Ce ministère n’a pas osé pas émettre d’objections
sous peine d’encourir le risque d’avoir couvert des machinations
manifestement criminelles. La dernière édition du journal Süddeutsche Zeitung
a comparé les activités de la CIA aux méthodes employées par « une bande
de voyous qui enlève quelques rivaux, au coin de la rue, pour les traîner dans
une cave et les interroger. »
Il n’existe pas de précédent historique pour les mesures
présentement appliquées par la justice allemande contre des fonctionnaires du
gouvernement américain.

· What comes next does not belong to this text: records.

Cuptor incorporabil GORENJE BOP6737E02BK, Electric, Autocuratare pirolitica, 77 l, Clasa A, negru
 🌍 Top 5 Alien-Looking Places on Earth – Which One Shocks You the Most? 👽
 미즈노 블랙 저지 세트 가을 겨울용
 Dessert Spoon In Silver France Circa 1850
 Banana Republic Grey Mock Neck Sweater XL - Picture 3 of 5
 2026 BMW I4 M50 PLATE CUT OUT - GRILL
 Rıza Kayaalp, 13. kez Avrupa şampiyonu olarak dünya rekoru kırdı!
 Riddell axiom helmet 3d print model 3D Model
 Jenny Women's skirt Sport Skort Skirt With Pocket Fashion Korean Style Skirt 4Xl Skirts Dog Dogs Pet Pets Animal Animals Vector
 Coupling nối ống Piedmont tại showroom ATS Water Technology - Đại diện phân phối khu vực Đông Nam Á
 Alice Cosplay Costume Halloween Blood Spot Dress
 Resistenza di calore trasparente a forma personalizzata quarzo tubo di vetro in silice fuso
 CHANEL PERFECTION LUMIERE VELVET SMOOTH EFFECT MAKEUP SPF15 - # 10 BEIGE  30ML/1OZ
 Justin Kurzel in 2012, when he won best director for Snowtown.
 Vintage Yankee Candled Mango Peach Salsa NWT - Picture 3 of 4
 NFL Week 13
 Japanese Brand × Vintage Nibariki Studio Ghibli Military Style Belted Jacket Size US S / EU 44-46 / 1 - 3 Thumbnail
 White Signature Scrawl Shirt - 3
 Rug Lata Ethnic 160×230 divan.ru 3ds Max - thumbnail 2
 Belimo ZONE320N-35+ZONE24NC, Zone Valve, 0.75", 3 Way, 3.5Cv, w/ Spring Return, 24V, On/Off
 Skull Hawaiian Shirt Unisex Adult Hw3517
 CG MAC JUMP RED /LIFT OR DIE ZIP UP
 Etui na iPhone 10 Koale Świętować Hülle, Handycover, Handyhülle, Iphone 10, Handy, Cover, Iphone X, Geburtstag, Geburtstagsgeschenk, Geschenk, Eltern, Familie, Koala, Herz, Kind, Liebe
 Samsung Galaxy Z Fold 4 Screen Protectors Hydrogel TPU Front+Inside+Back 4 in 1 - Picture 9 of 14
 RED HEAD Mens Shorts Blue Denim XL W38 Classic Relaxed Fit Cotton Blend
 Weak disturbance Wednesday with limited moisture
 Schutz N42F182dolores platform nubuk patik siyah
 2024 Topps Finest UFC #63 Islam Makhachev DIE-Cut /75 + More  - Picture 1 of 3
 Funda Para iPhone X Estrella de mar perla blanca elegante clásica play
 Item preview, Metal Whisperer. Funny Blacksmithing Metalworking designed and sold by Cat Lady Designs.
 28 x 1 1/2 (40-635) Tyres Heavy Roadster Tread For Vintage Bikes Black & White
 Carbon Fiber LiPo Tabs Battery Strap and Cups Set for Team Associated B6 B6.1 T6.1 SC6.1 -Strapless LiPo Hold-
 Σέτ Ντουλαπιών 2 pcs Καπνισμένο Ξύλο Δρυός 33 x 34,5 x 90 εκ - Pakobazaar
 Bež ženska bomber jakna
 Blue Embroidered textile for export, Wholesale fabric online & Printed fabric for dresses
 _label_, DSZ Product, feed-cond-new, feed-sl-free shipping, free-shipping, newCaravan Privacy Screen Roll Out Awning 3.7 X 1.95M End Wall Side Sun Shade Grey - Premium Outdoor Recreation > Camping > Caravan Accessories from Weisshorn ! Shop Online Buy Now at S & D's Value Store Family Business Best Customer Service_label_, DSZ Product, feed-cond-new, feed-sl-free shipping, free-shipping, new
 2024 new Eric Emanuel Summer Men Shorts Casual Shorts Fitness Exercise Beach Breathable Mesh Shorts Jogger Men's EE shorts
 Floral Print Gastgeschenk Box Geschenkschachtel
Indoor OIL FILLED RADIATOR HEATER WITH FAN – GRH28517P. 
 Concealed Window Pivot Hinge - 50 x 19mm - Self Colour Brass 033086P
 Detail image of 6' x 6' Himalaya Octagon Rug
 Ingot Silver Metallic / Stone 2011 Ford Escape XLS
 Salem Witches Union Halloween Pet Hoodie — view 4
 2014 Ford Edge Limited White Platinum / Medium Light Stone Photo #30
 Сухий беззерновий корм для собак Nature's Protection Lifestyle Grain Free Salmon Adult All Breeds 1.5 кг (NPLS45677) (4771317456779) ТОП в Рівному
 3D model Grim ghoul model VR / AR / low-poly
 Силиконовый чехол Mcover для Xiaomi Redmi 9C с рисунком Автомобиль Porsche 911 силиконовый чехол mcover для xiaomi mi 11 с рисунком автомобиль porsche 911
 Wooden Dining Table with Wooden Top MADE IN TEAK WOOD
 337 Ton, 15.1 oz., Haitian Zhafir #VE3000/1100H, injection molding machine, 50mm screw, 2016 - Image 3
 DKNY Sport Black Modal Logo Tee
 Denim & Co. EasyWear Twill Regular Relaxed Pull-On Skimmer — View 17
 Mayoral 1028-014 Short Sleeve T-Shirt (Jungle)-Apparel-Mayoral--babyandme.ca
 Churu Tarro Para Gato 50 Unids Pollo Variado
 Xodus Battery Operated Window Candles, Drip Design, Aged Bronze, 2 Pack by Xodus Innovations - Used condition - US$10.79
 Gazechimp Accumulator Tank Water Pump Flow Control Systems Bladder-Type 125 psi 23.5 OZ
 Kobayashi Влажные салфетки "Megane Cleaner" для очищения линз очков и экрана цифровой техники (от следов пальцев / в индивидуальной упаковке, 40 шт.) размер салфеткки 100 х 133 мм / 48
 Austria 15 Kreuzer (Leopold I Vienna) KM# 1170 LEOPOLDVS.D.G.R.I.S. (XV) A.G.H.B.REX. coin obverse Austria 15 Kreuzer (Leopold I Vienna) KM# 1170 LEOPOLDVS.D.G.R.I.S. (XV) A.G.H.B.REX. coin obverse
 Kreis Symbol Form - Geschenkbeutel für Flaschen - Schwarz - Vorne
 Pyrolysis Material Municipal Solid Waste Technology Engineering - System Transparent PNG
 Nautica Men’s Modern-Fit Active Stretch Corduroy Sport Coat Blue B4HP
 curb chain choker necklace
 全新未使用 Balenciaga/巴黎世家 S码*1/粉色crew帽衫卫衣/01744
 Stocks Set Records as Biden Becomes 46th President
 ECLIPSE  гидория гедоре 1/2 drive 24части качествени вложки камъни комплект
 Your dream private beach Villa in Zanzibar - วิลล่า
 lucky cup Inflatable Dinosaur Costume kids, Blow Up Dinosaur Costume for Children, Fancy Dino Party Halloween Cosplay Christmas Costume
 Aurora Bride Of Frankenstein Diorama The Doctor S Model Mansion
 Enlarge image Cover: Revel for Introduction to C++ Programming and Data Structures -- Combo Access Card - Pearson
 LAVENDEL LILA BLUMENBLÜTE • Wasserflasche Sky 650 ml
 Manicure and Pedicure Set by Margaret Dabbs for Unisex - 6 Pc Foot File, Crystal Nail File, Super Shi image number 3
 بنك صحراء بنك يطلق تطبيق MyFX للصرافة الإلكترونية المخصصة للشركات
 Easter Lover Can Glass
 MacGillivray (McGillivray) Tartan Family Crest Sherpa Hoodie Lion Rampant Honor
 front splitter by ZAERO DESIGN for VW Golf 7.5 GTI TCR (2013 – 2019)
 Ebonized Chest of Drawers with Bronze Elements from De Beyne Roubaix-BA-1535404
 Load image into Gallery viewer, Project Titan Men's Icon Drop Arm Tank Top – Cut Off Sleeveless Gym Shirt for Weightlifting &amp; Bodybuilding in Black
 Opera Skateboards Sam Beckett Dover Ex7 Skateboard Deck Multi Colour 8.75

Après la Deuxième Guerre mondiale, le gouvernement
américain avait organisé les procès de Nuremberg contre les criminels nazis et
supervisé le vote de la Constitution allemande garantissant les droits de
l’Homme et les droits démocratiques élémentaires tels la présomption
d’innocence, le droit à la protection contre les mauvais traitements
d’ordre physique ou mental. Le fait que des fonctionnaires du
gouvernement américain violent de nos jours ouvertement et de façon
systématique de tels droits et ce à un point tel que les autorités judiciaires
allemandes se sentent obligée d’intervenir, montre à quel point le
gouvernement américain a abandonné tout lien avec les principes de l’Etat
de droit.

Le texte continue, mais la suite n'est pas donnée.